Numlock News: August 27, 2021 • Fake Antiquities, Ducks, Cinnamon Toast Cereal

By Walt Hickey

Have a great weekend!

Antiquities

Earlier this month the Manhattan District Attorney’s office charged an antiques dealer with scheming to defraud, grand larceny, criminal possession of a forged instrument, forgery, and criminal simulation after the dealer allegedly hawked fake antiquities that were, in fact, modern copies he fussed up and “aged” in a backroom. The marks were novice collectors, and investigators say the showroom was packed with hundreds of counterfeit artifacts and the storage room full of thousands at various points in an assembly-line process of distressing.

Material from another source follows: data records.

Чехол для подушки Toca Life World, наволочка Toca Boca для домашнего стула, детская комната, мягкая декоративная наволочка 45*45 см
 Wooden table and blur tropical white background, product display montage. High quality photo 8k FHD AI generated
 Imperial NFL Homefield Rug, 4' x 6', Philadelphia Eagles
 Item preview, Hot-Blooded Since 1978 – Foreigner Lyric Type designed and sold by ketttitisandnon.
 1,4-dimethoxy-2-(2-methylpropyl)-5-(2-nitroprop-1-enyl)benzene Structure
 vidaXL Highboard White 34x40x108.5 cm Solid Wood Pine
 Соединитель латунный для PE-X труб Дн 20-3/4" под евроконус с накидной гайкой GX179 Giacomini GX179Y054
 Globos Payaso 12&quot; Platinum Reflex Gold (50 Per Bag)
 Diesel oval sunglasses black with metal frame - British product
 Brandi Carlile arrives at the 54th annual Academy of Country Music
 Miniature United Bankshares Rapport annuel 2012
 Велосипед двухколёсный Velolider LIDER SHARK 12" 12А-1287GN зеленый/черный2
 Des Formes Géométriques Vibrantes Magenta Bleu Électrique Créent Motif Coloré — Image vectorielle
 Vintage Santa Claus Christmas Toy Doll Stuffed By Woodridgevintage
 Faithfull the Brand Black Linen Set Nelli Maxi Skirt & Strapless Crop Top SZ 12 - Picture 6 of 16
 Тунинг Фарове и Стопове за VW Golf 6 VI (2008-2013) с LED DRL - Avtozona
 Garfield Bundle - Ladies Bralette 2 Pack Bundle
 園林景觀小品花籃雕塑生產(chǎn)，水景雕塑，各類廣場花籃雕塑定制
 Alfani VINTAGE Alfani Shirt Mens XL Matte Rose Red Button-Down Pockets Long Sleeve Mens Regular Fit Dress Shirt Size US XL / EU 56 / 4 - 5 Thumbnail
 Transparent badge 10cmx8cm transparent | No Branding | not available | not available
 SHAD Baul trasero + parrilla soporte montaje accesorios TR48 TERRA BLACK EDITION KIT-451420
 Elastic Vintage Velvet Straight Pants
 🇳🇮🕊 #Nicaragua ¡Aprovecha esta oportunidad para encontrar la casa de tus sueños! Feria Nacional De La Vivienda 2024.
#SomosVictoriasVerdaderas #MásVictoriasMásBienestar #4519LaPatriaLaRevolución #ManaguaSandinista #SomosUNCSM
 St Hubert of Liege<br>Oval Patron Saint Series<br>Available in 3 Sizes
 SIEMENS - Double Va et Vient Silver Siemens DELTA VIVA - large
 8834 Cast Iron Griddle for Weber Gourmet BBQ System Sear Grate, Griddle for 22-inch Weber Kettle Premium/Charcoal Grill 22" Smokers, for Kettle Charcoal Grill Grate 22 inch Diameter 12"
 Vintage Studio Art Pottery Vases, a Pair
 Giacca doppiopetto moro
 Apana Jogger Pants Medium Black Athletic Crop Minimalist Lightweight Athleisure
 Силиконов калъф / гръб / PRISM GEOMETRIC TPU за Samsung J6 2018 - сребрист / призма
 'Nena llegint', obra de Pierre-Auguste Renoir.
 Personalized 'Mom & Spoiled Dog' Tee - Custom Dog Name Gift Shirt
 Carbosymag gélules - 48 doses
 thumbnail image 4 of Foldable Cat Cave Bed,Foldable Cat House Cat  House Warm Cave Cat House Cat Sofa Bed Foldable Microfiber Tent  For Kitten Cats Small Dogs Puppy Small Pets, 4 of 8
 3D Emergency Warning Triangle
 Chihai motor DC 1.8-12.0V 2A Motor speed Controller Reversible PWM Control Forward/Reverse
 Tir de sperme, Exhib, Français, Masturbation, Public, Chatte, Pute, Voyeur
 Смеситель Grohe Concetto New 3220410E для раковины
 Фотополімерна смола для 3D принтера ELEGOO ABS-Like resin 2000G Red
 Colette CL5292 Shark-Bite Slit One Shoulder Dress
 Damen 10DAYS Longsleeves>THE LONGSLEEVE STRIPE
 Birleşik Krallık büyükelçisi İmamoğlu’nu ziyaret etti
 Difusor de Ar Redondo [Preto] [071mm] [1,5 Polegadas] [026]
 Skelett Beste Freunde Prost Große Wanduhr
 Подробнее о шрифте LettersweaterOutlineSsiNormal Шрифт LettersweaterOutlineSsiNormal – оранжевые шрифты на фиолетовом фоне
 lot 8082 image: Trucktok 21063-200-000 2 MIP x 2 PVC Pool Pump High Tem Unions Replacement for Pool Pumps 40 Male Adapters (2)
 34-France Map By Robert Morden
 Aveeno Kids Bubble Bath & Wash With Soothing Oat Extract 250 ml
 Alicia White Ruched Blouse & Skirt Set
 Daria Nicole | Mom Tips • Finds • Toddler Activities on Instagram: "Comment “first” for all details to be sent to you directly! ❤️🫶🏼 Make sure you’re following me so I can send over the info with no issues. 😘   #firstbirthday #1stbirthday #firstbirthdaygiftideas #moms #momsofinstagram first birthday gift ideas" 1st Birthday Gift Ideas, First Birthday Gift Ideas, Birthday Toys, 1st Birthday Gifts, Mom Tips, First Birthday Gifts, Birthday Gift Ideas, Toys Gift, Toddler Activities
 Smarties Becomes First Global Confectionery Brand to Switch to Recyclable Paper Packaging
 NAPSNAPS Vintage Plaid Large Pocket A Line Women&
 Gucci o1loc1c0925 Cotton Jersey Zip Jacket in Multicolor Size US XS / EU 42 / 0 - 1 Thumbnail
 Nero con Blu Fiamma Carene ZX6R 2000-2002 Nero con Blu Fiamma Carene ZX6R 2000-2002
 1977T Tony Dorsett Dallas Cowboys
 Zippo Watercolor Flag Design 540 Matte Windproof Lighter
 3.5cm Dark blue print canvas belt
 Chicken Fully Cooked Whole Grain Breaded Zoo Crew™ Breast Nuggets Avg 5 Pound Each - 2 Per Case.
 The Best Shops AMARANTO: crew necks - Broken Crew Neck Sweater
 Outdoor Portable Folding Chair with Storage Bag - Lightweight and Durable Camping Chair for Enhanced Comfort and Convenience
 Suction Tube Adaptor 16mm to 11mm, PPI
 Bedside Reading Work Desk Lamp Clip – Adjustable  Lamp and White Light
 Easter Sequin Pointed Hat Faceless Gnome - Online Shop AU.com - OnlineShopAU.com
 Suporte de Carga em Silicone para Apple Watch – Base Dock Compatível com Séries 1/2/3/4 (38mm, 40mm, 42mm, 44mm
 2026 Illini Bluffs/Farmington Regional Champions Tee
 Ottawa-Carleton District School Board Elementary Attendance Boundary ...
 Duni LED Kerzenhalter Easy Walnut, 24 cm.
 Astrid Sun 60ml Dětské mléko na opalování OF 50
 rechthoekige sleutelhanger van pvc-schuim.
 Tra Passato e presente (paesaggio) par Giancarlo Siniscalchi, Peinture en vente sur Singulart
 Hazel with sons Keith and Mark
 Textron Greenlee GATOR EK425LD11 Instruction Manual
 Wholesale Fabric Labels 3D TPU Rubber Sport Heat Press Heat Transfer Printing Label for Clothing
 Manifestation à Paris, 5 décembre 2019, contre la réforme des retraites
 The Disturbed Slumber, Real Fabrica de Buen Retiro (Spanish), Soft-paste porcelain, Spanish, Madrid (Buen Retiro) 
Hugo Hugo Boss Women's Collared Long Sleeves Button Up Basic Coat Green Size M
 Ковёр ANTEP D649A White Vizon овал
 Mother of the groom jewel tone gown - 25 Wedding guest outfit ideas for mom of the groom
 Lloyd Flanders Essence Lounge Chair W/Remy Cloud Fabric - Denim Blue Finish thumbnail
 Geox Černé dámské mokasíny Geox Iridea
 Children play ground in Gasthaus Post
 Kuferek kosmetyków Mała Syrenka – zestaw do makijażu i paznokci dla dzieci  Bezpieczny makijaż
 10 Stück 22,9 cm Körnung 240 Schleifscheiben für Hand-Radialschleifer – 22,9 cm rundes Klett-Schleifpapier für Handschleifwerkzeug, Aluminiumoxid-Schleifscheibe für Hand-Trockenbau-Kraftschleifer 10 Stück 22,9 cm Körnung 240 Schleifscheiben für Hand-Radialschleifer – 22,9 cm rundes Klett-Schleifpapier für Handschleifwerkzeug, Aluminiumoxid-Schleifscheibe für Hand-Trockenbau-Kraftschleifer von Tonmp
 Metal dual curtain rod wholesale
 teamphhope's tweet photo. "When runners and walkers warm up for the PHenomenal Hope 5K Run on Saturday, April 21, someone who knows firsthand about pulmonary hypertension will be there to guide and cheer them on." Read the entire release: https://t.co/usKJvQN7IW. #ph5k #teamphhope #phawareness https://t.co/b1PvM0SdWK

Some items for sale on the website late last year and early this year include a $5,000 sarcophagus mask dated to 663-525 B.C., a $1,500 nickel fragment of a meteorite, and a $9,000 mummified falcon. While it’s possible these could be real, seems like it’s entirely possible it’s just a Joseph and the Amazing Technicolor Dreamcoat prop, a shiny rock and a deeply unfortunate pigeon.

Colin Moynihan, The New York Times

Facial Recognition

South Korea’s government data protection agency has hit Facebook with a 6.46 billion won ($5.5 million) fine for storing facial recognition templates of 200,000 users without appropriate consent and another 26 million won ($22,000) penalty for illegally collecting social security numbers. That’s the second-largest fine from the agency — the first was also lodged at Facebook — and came alongside a 220 million won ($188,000) fine for Netflix for collecting data on 5 million people without consent, and a slap on the wrist for Google over its data handling practices.

Laura Dobberstein, The Register

Ducks, Just Ducks

Since the 1930s, waterfowl hunters have had to buy a now-$25 duck stamp to hunt game, a program that has over the course of its lifetime generated $1.1 billion for conservation and preserved 6 million acres of wetlands. The Federal Duck Stamp contest is annual event in which the best painters of ducks in the country compete for the right to be on that year’s stamp. For a few years, though, the U.S. Fish and Wildlife Service had required the submissions in the contest “celebrate our waterfowl hunting heritage,” namely, they can’t just be pretty paintings of ducks, they also have to allude to the fact that people hunt them for sport, say by including a hunter or a spent casing or a decoy. This year, Fish and Wildlife dropped the requirement.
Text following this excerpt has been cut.